** Task directions **
All lines with the word "Book" must be pulled from the entries below.

** Caption-style text data **
● ● ● ● ● ● ●
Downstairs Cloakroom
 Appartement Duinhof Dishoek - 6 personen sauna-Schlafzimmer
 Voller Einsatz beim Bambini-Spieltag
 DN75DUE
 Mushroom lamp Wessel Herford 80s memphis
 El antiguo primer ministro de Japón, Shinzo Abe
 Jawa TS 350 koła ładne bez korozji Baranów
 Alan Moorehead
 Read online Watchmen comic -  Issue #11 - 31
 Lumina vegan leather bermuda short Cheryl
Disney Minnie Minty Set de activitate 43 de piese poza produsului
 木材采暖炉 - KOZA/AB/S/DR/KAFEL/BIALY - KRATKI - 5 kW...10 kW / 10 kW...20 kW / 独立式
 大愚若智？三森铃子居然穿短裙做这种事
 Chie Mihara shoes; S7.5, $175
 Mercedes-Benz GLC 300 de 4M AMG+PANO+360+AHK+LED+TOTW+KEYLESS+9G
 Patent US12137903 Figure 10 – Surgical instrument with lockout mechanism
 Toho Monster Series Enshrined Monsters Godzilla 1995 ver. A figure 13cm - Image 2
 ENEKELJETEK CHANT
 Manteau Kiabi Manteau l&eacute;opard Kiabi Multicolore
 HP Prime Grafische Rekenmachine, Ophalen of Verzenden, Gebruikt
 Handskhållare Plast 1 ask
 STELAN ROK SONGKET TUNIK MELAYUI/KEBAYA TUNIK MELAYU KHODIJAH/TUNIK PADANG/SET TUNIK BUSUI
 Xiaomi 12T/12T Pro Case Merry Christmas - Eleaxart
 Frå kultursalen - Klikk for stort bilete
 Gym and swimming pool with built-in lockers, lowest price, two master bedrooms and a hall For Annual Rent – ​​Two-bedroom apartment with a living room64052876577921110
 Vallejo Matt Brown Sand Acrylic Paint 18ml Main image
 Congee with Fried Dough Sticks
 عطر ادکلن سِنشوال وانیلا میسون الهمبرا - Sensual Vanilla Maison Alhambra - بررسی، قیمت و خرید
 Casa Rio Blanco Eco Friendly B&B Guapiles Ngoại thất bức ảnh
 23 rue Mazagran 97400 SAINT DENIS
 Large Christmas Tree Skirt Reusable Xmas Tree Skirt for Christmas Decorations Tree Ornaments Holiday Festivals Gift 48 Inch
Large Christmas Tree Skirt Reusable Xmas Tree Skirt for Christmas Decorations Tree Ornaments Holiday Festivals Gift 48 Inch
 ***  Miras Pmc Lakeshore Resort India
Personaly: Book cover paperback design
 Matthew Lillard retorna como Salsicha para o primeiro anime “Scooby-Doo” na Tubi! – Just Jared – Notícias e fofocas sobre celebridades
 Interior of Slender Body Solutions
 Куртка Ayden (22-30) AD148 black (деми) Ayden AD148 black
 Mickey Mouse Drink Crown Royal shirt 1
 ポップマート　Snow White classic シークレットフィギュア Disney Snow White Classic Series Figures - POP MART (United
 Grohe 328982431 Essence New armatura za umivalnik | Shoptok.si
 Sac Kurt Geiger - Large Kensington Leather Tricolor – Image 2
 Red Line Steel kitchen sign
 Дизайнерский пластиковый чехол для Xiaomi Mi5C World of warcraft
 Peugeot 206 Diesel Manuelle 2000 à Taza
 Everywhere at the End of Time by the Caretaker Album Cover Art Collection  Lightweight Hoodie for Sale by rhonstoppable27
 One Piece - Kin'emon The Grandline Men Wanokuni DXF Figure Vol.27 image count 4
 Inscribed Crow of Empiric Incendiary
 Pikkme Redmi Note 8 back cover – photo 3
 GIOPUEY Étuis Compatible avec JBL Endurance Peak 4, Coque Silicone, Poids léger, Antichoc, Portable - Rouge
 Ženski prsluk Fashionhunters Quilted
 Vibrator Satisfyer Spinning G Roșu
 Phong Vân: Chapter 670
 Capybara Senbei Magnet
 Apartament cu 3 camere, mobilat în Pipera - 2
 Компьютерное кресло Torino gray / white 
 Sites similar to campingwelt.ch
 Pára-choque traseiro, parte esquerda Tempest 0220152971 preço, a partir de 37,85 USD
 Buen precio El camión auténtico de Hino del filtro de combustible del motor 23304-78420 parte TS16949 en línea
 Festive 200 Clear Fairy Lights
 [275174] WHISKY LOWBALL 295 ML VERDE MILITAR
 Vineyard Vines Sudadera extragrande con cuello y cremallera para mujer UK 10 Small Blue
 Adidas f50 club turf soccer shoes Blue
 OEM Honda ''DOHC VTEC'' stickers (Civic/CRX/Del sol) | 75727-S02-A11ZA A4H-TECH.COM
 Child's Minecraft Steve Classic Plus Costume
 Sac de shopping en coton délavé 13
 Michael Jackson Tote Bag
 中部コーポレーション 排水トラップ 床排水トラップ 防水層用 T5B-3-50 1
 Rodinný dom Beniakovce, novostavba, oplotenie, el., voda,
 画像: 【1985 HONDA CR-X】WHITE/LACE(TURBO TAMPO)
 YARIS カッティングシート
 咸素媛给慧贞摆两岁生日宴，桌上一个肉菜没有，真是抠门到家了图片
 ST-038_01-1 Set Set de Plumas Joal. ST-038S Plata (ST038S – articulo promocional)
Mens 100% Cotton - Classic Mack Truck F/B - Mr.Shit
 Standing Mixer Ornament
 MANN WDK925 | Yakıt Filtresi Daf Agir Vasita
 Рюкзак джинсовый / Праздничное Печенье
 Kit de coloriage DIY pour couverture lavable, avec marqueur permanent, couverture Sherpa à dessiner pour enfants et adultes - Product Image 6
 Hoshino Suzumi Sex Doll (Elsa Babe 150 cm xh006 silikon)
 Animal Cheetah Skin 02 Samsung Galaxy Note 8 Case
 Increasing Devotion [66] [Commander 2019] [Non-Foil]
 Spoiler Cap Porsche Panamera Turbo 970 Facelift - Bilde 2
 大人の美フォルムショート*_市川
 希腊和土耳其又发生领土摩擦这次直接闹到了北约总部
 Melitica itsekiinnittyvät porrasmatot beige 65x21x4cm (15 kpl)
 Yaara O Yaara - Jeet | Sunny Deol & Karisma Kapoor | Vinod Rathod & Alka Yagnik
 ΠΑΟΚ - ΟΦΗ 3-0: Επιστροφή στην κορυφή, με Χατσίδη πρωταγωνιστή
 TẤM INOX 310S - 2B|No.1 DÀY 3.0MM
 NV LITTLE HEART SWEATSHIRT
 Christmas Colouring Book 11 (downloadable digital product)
● ● ● ● ● ● ●
** Problem solution **
Personaly: Book cover paperback design
 Christmas Colouring Book 11 (downloadable digital product)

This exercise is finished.